• _Problem statement_:
Where an image appears in the data, omit it and reproduce the rest exactly.

• _Data excerpts_:

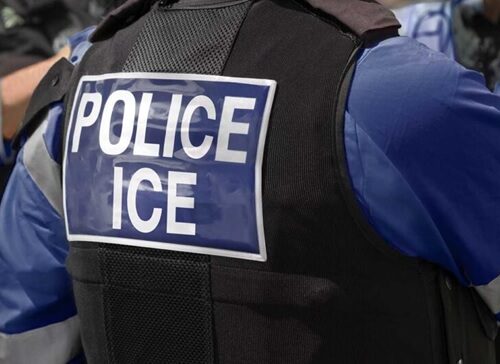 Juez prohíbe arrestos de ICE en tribunales migratorios de NY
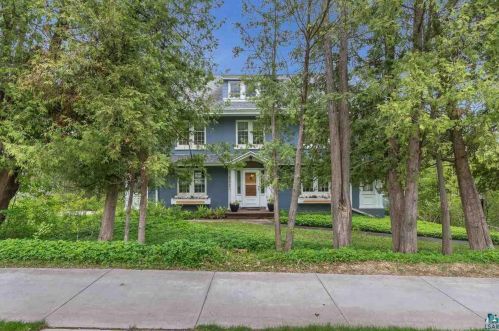 2220 4th St, Duluth, MN 55806-1502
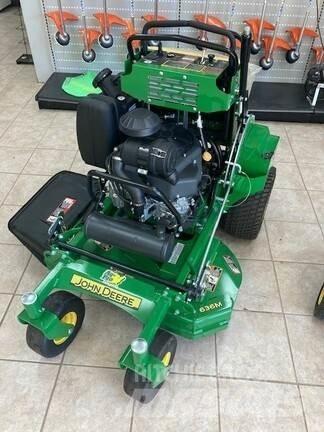 John Deere 636M Vrtni traktor kosilnice
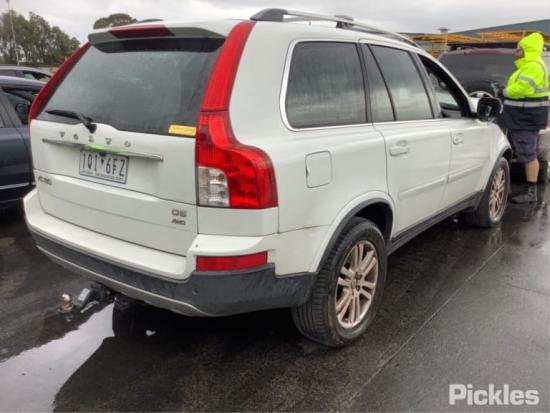 2011 Volvo XC90 — Volvo XC90 2011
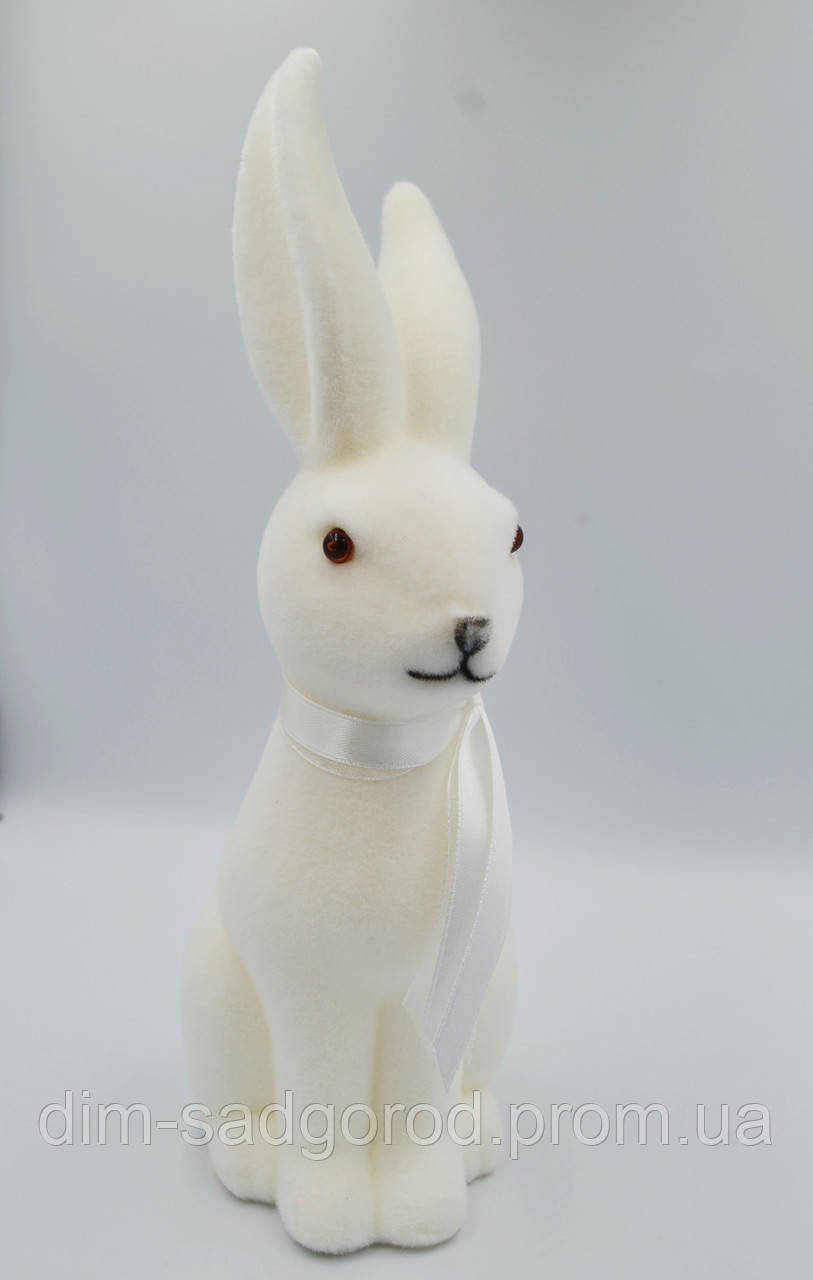 Великодня фігура кролик з бантом флок білий H23.5см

• _Your solution_:
 Juez prohíbe arrestos de ICE en tribunales migratorios de NY
 2220 4th St, Duluth, MN 55806-1502
 John Deere 636M Vrtni traktor kosilnice
 2011 Volvo XC90 — Volvo XC90 2011
 Великодня фігура кролик з бантом флок білий H23.5см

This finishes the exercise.